Return the entries below verbatim. Pictures stay out.

(Material supplied)
::::

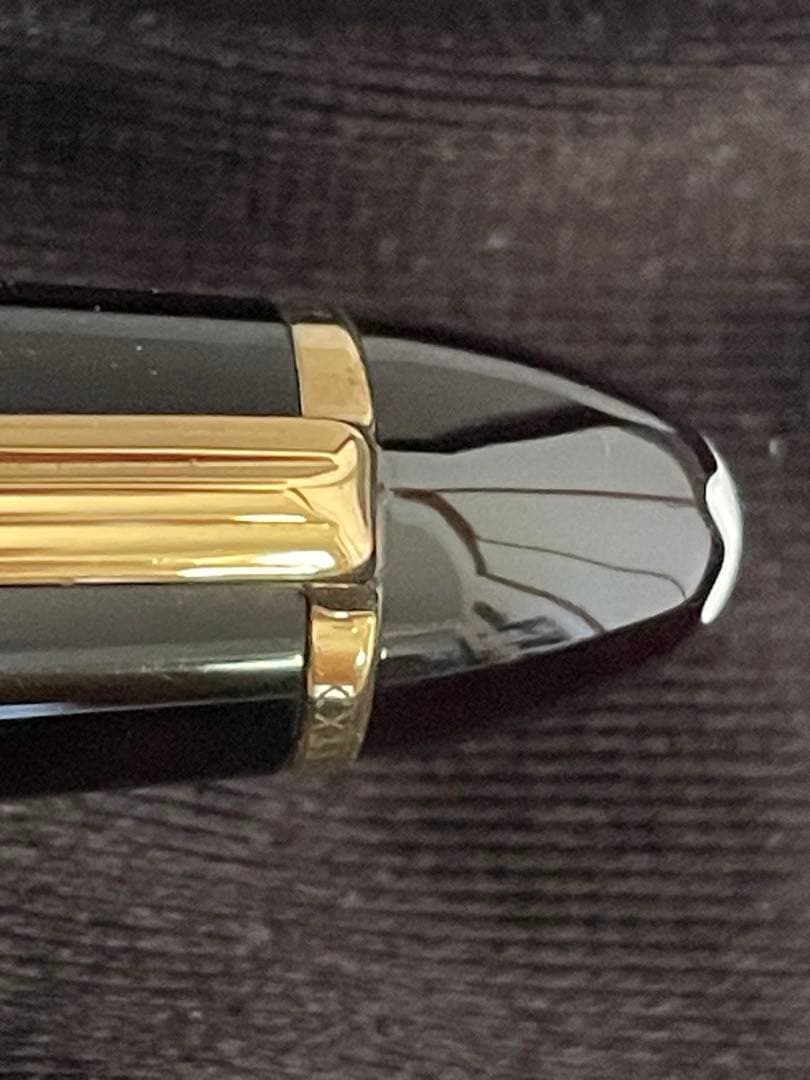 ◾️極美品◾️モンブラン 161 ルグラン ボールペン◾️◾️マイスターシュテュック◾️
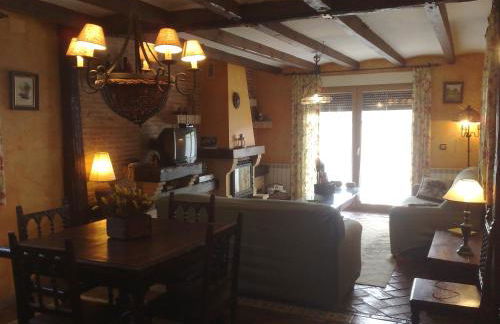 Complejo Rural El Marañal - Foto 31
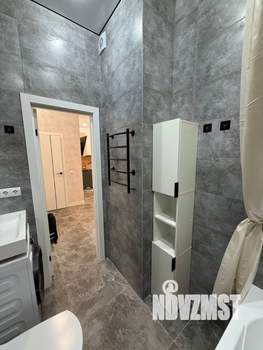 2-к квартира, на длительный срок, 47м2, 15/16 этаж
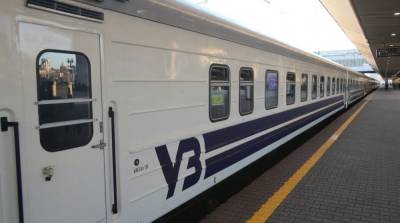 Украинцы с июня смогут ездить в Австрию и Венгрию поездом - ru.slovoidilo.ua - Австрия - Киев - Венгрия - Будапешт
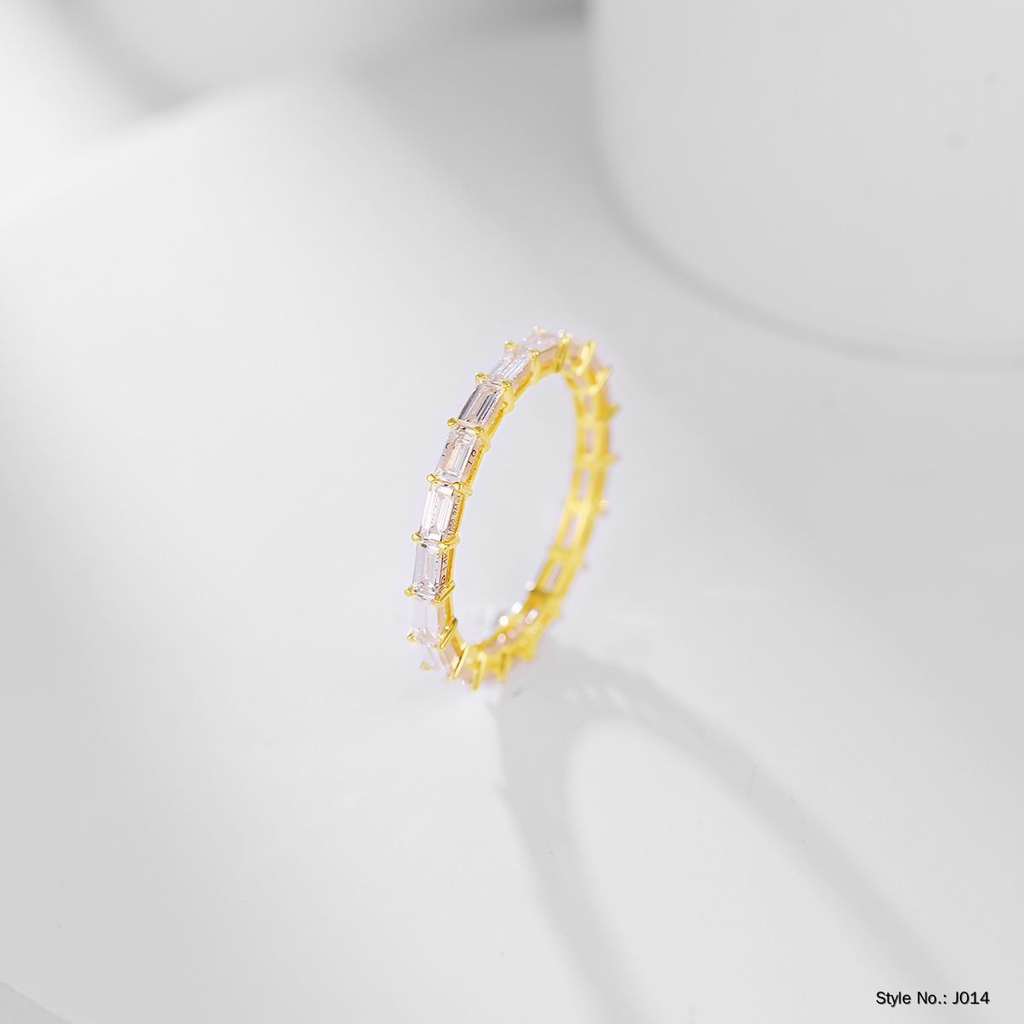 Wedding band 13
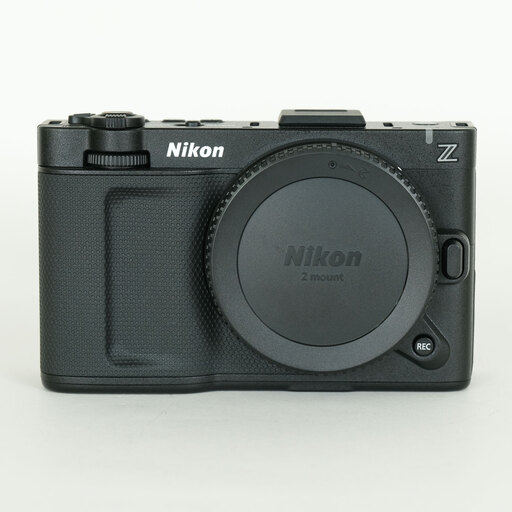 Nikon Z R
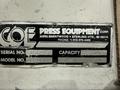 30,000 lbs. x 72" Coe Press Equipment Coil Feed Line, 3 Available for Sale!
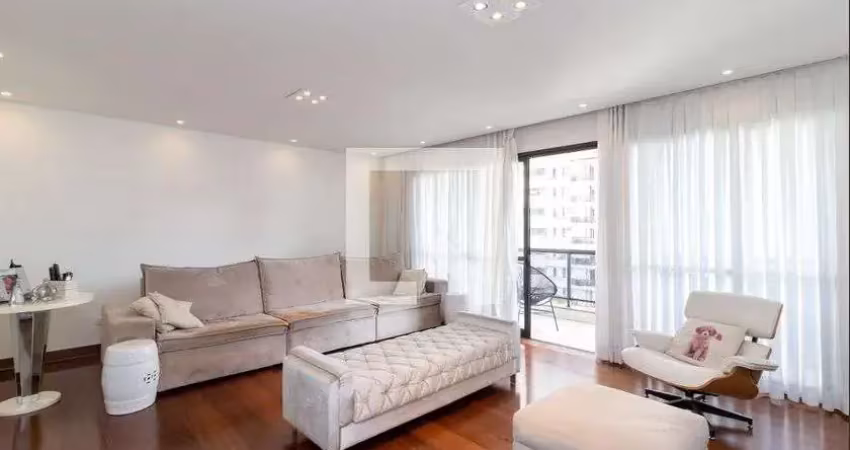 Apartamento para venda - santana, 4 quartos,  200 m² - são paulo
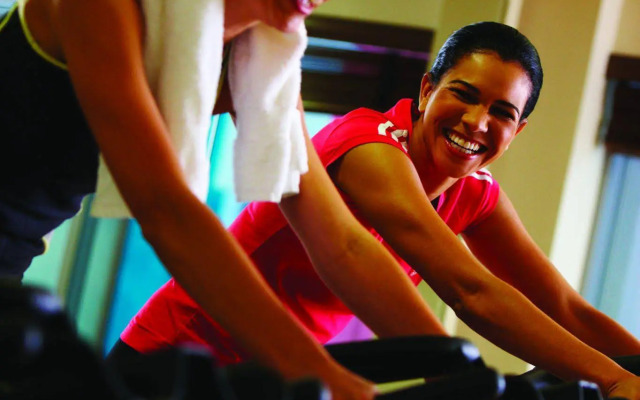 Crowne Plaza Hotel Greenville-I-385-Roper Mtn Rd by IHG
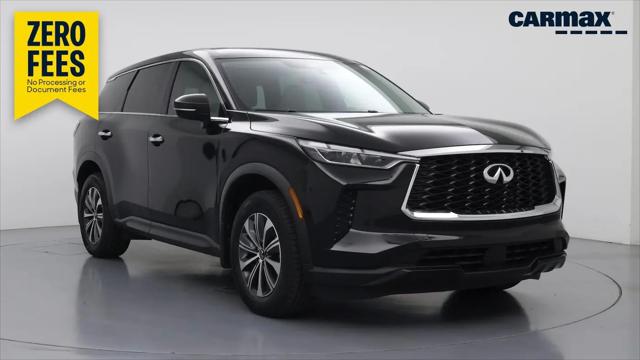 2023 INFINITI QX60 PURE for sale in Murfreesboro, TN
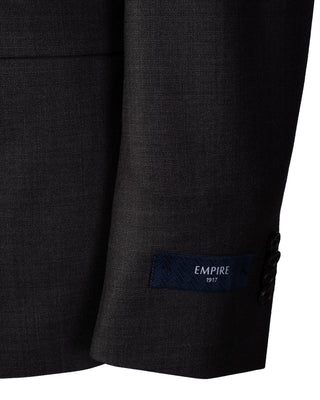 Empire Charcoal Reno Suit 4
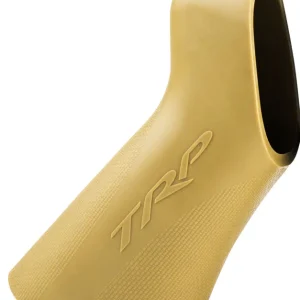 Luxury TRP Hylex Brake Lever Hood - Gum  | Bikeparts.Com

::::

(Task response)
 ◾️極美品◾️モンブラン 161 ルグラン ボールペン◾️◾️マイスターシュテュック◾️
 Complejo Rural El Marañal - Foto 31
 2-к квартира, на длительный срок, 47м2, 15/16 этаж
 Украинцы с июня смогут ездить в Австрию и Венгрию поездом - ru.slovoidilo.ua - Австрия - Киев - Венгрия - Будапешт
 Wedding band 13
 Nikon Z R
 30,000 lbs. x 72" Coe Press Equipment Coil Feed Line, 3 Available for Sale!
 Apartamento para venda - santana, 4 quartos,  200 m² - são paulo
 Crowne Plaza Hotel Greenville-I-385-Roper Mtn Rd by IHG
 2023 INFINITI QX60 PURE for sale in Murfreesboro, TN
 Empire Charcoal Reno Suit 4
 Luxury TRP Hylex Brake Lever Hood - Gum  | Bikeparts.Com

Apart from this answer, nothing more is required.